▶ What to do
Could you set down exactly the lines of the data below, starting at the one that holds "kitchen with sink, crown" and ending at the one that holds "Woman and dentist,denture,care of tooth.", both included, and only those?

▶ Source material
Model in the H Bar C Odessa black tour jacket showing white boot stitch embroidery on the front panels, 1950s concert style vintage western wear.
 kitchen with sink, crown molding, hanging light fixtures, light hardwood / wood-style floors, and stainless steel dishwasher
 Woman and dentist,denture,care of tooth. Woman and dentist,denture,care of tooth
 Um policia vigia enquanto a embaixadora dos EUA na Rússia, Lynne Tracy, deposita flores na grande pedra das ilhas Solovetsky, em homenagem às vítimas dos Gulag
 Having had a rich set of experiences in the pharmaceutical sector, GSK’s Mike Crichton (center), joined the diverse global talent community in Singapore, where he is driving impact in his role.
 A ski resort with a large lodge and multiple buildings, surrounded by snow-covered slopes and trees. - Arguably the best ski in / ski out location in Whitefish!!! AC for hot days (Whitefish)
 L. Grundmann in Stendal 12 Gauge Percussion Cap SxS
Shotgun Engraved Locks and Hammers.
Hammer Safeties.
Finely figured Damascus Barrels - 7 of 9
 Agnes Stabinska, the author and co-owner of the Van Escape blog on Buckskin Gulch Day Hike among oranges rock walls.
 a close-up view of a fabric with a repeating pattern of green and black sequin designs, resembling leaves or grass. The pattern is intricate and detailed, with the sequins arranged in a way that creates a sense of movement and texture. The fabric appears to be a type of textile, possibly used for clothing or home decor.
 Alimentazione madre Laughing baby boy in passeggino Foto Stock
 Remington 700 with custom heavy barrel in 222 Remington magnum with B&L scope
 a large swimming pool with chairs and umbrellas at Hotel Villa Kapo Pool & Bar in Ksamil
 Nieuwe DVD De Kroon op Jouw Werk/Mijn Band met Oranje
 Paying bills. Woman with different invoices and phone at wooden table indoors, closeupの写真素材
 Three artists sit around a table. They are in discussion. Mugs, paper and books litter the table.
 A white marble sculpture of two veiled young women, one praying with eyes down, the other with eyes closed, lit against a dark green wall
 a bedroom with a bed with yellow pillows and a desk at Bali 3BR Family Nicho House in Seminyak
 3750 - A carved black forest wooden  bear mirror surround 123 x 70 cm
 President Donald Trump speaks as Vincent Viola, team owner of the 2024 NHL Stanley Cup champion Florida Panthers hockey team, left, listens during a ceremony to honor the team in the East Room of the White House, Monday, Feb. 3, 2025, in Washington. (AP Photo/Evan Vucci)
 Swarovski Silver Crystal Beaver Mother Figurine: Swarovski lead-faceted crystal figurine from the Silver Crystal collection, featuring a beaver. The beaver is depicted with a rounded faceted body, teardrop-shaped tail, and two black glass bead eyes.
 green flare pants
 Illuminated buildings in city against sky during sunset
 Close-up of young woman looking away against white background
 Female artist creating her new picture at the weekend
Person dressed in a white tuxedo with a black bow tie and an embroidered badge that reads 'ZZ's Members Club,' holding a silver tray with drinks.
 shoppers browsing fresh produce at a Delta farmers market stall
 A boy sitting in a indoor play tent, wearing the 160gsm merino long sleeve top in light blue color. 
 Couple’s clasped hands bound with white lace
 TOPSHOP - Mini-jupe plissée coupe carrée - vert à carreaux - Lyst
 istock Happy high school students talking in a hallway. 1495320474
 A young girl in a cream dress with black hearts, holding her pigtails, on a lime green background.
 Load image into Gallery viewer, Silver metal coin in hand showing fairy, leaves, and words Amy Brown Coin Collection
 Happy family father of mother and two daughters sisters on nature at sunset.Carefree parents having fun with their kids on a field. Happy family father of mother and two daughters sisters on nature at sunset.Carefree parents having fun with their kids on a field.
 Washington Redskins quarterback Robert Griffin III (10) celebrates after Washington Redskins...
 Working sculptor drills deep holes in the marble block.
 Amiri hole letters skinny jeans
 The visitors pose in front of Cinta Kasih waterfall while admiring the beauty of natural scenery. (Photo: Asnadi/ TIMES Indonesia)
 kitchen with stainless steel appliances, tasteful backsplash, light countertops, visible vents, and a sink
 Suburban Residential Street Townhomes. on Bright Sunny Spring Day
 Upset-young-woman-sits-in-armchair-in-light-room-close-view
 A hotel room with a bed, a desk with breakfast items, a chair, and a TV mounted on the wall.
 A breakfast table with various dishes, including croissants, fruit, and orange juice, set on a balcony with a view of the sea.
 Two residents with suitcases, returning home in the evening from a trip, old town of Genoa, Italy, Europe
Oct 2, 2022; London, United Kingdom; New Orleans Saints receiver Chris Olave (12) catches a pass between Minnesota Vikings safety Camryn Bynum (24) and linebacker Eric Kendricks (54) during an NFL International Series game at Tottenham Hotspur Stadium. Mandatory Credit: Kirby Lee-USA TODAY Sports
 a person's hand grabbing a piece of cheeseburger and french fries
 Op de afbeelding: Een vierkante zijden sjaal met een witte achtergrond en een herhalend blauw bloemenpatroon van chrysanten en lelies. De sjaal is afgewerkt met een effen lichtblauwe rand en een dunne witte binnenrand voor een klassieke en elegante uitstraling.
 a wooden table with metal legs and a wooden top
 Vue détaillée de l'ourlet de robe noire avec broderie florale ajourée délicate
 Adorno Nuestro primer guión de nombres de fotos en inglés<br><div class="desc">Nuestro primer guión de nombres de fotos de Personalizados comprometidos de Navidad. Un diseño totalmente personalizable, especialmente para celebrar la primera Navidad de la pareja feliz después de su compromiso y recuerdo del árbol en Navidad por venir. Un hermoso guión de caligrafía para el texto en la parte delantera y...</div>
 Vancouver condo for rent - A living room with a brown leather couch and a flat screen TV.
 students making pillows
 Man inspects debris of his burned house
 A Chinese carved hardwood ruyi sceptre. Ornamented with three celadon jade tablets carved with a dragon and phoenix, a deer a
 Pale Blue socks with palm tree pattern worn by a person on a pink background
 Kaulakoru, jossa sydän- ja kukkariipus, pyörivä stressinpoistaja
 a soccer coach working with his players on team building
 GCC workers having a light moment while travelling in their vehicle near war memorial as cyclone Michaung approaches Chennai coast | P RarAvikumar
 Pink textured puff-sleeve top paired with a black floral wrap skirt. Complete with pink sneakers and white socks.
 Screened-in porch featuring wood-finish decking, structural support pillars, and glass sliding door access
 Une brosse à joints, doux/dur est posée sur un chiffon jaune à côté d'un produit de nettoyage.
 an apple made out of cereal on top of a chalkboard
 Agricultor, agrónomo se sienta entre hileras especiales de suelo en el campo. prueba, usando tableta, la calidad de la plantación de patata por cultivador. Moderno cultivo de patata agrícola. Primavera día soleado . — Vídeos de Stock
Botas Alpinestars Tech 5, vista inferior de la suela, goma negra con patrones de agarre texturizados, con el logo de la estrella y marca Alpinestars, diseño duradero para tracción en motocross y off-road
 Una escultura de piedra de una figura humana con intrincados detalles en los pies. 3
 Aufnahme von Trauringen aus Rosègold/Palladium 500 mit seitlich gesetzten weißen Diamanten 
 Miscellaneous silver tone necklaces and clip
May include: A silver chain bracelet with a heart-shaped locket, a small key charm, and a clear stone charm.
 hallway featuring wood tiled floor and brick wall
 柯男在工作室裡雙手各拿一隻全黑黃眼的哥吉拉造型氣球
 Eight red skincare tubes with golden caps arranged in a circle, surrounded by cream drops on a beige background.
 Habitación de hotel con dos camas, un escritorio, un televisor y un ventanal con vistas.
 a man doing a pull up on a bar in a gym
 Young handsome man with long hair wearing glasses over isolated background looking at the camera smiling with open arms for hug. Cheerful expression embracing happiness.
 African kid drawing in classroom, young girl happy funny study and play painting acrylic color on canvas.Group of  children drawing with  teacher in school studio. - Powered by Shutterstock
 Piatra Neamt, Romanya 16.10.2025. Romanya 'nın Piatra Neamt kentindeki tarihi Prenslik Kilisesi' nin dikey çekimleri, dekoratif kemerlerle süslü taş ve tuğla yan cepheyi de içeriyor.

▶ Exercise solution
 kitchen with sink, crown molding, hanging light fixtures, light hardwood / wood-style floors, and stainless steel dishwasher
 Woman and dentist,denture,care of tooth. Woman and dentist,denture,care of tooth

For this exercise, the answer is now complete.